There was a time I listened; a time those statements made sense to me, or served my desire to avoid the emotional depths I felt “going there” would take me to. I suppressed the hurt, the wonder, the hope to understand the depths. There was a time I convinced myself the why didn't matter; a time I consistently told myself, "No, Lys, it’s just better or easier if you don't get there."
But that time has ended. Quite frankly, it has died a very certain death.
And, oh, I'm going there. I'm going all the way there - with the Lord - and I'm ripping out everything that's not supposed to be there at the root.
I agree that we shouldn’t let the enemy drag us places we don’t need to be. The Bible does not tell us to guard our heart and our minds for nothing. However, there is a difference between negatively dwelling on what sends your heart into a spiral all to gain nothing but hurt, and investing time and energy into getting to the root of things within yourself so you can experience genuine restoration.
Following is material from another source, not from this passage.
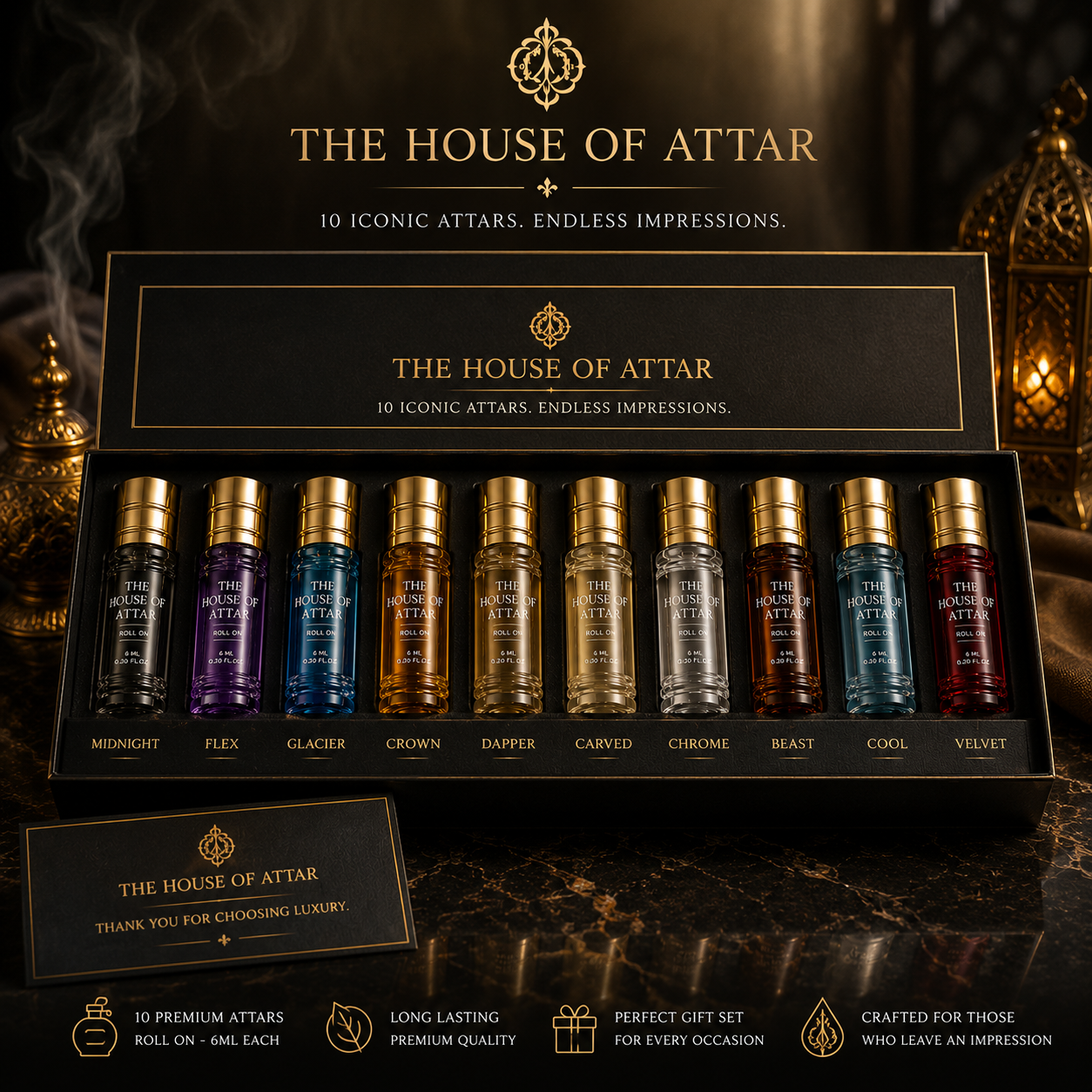 10 Pcs Attar Combo Pack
We do ourselves a major disservice when we cavalierly dismiss certain struggles with sayings that sound right and spiritual, but completely deny God the space to restore us at the roots. We get good at making avoidance sound like faith.
Some of the best things God has shown me He’s shown me by taking me places inside myself I did NOT want to go.
Overcome with anger? If you don’t “go there” with God you may never find that the root of your anger is sitting in the childhood experiences you tried to leave in the dust as you ran from it.
Porn struggle? If you don’t “go there” with God you may never find that root of your struggle probably isn’t lust, but shame or escapism. It’s hard to break an addiction without understanding what drives it.
Battling depression or anxiety? If you don’t “go there” with God you may spend your days trying to convince yourself to just wear a smile to make it all better instead of understanding what's weighing down your heart.
So to the person who’s been battling, trying to avoid going there because you’re afraid of what you might find…
Go there. Go all the way there with God ((( because without Him you'll end up buried by what you find ))) and let Him bring the promises of His Word to life in your heart.